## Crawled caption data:

*** Block opens ***

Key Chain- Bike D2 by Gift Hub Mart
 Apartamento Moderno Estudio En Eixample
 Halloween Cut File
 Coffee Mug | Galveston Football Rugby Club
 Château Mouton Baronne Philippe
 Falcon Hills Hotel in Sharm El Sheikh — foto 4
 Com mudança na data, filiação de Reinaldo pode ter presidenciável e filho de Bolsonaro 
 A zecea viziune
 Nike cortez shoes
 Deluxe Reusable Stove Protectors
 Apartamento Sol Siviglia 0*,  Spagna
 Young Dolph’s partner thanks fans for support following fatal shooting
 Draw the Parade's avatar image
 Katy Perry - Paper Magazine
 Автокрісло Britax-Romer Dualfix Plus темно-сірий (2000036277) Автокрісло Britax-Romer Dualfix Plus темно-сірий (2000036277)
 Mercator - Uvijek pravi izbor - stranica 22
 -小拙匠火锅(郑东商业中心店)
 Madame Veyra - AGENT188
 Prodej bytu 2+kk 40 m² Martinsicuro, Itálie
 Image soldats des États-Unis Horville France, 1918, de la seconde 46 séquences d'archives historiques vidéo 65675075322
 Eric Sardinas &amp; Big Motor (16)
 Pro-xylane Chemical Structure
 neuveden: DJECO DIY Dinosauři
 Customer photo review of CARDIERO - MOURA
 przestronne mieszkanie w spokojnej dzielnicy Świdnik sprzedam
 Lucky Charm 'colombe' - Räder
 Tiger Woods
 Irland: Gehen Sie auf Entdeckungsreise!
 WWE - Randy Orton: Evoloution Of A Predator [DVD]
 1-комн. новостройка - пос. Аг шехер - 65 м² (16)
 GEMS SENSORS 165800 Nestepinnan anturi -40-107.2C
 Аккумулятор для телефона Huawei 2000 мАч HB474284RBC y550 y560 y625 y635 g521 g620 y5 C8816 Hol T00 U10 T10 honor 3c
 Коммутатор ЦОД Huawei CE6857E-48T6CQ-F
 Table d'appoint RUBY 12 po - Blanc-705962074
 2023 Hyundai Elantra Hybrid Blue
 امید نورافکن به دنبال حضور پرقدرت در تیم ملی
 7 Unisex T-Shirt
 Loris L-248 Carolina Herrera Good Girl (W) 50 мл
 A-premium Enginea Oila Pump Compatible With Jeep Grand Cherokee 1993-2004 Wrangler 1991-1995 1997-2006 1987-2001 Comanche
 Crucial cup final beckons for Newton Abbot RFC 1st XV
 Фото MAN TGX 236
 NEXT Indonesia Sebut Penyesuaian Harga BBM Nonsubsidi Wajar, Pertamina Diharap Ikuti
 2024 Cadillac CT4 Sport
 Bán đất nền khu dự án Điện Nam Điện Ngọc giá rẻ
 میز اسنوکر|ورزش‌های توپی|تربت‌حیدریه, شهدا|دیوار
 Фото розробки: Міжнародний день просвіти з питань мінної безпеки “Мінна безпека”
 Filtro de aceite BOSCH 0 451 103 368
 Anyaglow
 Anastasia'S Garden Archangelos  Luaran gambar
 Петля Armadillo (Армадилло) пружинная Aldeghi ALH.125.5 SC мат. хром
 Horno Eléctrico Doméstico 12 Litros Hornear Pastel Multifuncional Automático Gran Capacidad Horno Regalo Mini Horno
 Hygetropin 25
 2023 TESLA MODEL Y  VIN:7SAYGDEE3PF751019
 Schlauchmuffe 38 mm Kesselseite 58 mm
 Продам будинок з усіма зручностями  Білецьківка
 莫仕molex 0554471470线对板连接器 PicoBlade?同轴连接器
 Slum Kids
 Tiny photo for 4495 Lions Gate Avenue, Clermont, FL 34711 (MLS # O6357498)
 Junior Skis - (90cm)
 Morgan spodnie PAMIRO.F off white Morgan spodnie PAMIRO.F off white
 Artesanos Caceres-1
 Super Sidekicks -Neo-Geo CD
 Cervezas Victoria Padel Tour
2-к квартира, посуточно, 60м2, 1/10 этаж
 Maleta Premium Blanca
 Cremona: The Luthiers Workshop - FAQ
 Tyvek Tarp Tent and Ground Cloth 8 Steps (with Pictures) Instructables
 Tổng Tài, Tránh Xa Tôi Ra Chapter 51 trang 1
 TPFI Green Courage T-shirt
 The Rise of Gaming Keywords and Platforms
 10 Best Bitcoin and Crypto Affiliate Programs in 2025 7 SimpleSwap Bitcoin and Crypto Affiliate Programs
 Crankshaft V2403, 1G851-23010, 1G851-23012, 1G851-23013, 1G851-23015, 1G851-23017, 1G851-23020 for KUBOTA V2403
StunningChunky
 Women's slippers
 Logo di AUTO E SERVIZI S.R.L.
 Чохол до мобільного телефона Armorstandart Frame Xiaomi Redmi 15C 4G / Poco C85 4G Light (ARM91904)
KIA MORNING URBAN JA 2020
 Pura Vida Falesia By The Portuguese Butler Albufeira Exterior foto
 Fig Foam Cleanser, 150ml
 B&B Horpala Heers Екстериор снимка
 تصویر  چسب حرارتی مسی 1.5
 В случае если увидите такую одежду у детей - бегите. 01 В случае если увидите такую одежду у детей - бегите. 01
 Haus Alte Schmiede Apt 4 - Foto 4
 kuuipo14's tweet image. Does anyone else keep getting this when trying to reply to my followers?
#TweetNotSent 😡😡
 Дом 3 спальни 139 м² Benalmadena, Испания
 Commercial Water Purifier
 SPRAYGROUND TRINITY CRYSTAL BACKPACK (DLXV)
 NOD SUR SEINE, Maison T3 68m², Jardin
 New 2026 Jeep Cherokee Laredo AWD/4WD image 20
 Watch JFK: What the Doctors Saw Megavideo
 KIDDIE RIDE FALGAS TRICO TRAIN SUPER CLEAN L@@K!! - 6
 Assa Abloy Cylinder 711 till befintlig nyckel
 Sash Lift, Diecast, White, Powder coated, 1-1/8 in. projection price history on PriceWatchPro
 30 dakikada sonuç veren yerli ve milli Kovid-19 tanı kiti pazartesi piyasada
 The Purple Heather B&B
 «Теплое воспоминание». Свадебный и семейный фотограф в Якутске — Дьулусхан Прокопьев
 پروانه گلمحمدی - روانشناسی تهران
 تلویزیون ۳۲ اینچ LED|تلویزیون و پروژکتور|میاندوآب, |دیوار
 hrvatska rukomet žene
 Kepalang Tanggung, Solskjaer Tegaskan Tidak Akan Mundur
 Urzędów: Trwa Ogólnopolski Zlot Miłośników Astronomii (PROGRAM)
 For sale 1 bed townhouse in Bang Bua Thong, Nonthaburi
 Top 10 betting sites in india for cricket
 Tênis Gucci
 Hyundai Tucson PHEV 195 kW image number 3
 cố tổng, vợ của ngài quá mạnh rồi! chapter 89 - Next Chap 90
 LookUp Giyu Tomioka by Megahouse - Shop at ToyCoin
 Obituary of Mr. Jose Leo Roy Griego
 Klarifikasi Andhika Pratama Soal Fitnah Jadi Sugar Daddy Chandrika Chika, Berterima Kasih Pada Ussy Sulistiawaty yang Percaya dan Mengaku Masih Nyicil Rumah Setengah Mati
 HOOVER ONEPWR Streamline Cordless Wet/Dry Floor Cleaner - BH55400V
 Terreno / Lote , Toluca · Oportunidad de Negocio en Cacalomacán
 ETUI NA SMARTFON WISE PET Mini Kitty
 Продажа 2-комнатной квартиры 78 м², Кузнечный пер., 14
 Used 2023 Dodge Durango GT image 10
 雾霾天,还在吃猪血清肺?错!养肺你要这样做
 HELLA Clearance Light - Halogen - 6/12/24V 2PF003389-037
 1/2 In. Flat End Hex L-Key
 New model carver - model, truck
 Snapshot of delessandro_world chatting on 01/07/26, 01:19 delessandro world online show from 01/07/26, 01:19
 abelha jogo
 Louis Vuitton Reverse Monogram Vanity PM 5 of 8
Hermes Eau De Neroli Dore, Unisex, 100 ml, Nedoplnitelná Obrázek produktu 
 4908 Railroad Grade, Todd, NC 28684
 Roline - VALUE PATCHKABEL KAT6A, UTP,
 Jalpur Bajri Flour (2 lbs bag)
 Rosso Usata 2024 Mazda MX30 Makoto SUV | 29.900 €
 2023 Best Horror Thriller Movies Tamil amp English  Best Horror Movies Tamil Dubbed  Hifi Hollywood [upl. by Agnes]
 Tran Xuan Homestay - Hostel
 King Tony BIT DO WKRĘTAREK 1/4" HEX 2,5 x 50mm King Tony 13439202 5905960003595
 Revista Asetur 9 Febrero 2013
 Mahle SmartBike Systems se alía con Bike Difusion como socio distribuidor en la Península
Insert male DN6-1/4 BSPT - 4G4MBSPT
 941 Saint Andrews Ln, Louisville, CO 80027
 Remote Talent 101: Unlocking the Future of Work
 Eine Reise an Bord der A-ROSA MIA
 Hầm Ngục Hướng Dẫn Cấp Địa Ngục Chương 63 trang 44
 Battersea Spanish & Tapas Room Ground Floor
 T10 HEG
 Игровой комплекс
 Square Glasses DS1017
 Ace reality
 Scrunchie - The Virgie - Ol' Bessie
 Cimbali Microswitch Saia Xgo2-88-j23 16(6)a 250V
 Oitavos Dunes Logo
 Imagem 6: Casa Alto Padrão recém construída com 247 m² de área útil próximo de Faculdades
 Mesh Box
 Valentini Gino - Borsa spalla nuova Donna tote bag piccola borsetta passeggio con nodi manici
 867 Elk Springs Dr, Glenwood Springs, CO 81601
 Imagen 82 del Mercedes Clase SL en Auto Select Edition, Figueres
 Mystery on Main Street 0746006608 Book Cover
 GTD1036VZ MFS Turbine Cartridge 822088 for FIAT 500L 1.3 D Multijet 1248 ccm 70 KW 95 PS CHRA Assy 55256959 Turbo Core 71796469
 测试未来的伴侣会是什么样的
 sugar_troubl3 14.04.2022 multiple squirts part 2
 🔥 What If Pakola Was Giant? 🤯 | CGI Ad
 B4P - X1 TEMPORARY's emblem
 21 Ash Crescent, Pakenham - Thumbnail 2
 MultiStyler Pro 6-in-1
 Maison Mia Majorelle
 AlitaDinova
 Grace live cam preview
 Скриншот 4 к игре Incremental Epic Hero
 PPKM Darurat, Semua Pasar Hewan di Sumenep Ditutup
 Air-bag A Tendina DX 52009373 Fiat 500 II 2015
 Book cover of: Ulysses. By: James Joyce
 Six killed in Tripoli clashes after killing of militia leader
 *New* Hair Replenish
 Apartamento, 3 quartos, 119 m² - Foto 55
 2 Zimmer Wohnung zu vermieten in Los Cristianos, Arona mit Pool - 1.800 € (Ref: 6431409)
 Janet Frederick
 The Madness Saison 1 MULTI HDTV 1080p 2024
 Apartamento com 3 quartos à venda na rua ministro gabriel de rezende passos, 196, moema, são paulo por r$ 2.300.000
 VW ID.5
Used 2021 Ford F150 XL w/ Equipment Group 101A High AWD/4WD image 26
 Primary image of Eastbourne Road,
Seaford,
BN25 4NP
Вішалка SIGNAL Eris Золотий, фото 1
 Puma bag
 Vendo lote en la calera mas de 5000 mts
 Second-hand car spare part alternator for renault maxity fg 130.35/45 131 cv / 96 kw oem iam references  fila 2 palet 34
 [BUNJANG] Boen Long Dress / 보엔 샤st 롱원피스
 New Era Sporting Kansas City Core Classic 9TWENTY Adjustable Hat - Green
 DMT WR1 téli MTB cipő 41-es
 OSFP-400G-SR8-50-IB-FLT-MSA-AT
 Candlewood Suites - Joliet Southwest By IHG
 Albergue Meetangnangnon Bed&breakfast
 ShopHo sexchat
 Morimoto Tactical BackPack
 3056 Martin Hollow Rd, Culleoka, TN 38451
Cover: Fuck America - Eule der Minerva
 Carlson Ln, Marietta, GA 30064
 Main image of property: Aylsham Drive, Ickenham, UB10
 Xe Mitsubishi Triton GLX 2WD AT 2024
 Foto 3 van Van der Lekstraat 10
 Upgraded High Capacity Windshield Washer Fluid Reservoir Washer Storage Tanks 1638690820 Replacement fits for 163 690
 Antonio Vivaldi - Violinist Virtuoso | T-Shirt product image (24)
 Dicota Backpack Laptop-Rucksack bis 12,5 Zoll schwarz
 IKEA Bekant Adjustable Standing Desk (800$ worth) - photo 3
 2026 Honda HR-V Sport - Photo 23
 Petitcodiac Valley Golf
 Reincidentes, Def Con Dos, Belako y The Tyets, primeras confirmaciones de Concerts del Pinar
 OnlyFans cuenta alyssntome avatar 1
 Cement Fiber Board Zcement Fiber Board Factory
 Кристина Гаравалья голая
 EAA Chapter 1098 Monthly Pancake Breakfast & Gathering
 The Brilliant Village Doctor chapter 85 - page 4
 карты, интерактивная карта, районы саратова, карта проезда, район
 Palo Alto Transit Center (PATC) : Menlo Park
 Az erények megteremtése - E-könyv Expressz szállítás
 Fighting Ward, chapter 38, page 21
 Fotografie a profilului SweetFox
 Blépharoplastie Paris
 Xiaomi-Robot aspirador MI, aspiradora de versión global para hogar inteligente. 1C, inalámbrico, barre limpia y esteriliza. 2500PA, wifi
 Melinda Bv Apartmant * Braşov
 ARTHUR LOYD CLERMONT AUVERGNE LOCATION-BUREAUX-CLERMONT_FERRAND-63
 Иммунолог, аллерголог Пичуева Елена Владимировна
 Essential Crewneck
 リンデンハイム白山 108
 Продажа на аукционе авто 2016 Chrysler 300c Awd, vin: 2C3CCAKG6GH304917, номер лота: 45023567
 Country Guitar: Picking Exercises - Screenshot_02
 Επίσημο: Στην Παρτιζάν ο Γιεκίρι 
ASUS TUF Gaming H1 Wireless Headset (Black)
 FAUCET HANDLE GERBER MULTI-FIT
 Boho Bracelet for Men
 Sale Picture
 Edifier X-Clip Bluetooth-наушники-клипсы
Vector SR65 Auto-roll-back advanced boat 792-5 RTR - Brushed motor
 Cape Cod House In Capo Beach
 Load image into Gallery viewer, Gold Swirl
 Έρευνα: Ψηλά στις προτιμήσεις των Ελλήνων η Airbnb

*** Block closes ***

## WORK INSTRUCTION:
Restate word for word the lines of the data above, starting at the line containing "Mahle SmartBike Systems" and ending at the line containing "Hầm Ngục Hướng", both included, and nothing more.

## OUTPUT OF THE EXERCISE:
 Mahle SmartBike Systems se alía con Bike Difusion como socio distribuidor en la Península
Insert male DN6-1/4 BSPT - 4G4MBSPT
 941 Saint Andrews Ln, Louisville, CO 80027
 Remote Talent 101: Unlocking the Future of Work
 Eine Reise an Bord der A-ROSA MIA
 Hầm Ngục Hướng Dẫn Cấp Địa Ngục Chương 63 trang 44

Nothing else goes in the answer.